When a client nervously rang financial advisor Jonathan DeYoe about how the European sovereign debt crisis would affect his $750,000 portfolio last month, DeYoe calmed his client's fears with reminders that his portfolio's overall risk had already been reduced.

"My client was listening to NPR radio reports and CNBC television segments that said the world is falling apart," said DeYoe. "He's worried about China's hard landing as well as whether Greece leaving the European Union will change his portfolio because he wants to retire in two years."

Anxiety-ridden phone calls and e-mails became so frequent from clients that DeYoe implemented a quarterly and topical seminar series to address their growing concerns.

"People are most hysterical about the political environment. I tell clients to separate politics from their economics," said DeYoe who has $75 million in assets under management at DeYoe Wealth Management in Berkeley, Calif. "A discussion about Greece, China and the global economy have been part of every quarterly and topical seminar since I started hosting them 18 months ago."

The global economy isn't as bad as the media would have consumers believe, according to MFS Investment Management's Mid-Year Investment Outlook.

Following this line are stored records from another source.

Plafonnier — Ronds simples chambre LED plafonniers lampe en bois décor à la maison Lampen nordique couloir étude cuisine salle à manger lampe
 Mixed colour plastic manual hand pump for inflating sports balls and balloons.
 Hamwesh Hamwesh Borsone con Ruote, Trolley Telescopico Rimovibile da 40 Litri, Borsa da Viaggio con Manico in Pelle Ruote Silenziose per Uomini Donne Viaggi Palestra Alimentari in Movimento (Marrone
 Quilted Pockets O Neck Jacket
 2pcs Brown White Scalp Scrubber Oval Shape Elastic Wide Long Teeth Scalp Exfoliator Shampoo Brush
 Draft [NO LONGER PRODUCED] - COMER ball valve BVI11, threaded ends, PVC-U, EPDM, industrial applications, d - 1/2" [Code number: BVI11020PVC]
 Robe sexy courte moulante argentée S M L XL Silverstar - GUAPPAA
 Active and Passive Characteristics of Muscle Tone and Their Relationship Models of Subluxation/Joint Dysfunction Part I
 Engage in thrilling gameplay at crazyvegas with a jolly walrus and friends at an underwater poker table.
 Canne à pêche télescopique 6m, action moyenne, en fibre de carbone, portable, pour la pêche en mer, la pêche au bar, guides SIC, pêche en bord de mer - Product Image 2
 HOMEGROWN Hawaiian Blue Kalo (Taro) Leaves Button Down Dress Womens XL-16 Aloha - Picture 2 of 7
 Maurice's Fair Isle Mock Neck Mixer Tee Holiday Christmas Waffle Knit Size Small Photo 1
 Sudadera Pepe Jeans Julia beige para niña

"Europe is in a recession already. That I won't deny. The question is how bad a recession. Our view is it's nothing like Lehman Brothers. Experts on television are saying the problem is too much debt. That is not the problem," said MFS' Chief Investment Strategist James Swanson, who referred to Financial Services Firm Lehman Brothers being acquired by Barclays after filing for Chapter 11 bankruptcy protection on September 15, 2008. 

In truth, Europe's problems are not fixed, but bandaged enough to allow business recovery in 2012. The U.S. economy remains a bright spot and investors can find returns and/or income in tech and dividend-paying stocks, according to MFS.

"The opportunity for financial advisors is to de-hysterify some of the reports we hear that we're at the end of the world as we know it; that this is all unsustainable and is going to come crashing down and that the crash is going to be worse than Lehman Brothers. We've heard this before and the underlying numbers don't suggest it's going to happen," Swanson said during a conference call on Monday.

Swanson suggested financial advisors look to S&P 500 companies that pay dividends for clients who don't trust the stock market.

"The dividend yield on the market is not at a record high, but the cash flow that backs up that dividend yield is at a record high. So, going for a dividend strategy backed by sustainable cash flow may be one thing for investors to look at," Swanson told Financial Advisor magazine during a Q&A following the conference call. "The compounding of those dividends over time is a powerful tool."

Washington Square Capital Financial Advisor Louis Berger uses the S&P 500's Dividend Aristrocrat Index to select the best dividend paying stocks for his clients.

"If you're not in constant contact with your clients, you run into hysteria. The client feels they are not in control and that they are at the mercy of the wind, so we choose stocks that have a track record of paying dividends," said Berger, who manages $20 million in assets.

The Dividend Aristocrat Index tracks companies that have increased or maintained their dividend payouts over 25 years.  

There are risks that come along with focusing on dividends, Berger noted.

"If the investor needs cash flow for retirement or additional income, then dividend strategy can be good. But dividends can be cut by the board unlike a bond that's backed by an asset," Berger said. "A lot of companies cut dividends when tough times hits, such as banks and financial companies but companies in the Dividend Aristocrat index are well managed and have cash flow."

After the 2008 financial collapse, advisor Jimmy Lee noticed the mindset of even his wealthiest clients had dramatically changed.

"We try to manage expectations so that our clients do not deviate from emotions created by watching television. We've had several clients want to get out of their current investment plan as a result of media hype. Instead, we calm them down and get them refocused on their financial goals," said Lee, who has implemented quarterly portfolio reviews rather than annual reviews.

Lee also integrates a hedging strategy into his clients' portfolios to manage risk. Lee's hedging program includes short-term, money-market mutual fund positions, long/short mutual funds and long/short separate account money managers.

"We explain to our clients that their portfolio includes a hedging program based on technical analysis that protects against large declines," saidLee, whose Strategic Wealth Associates in Las Vegas manages $1 billion. "Although you're giving up upside potential to protect capital, the hedging program makes the portfolio less volatile and the beta and standard deviation decreases dramatically."

Some advisors have taken traditional psychology classes to help them handle clients who are increasingly hysterical as the November U.S. presidential election rhetoric intensifies.

"At the end of the day, finance professionals are part-time therapists for their clients," said Paul Puckett, a Virginia Beach-based financial advisor with 1st Quadrant who is also a member of the Financial Therapy Association and author of the book Investophobia: You Can Invest Without Fear!. "Most of my newer clients who panic have a sense of impending doom. I ask them to tell me about the news they saw or read and then I explore their fears. I empathize and put it in perspective for them."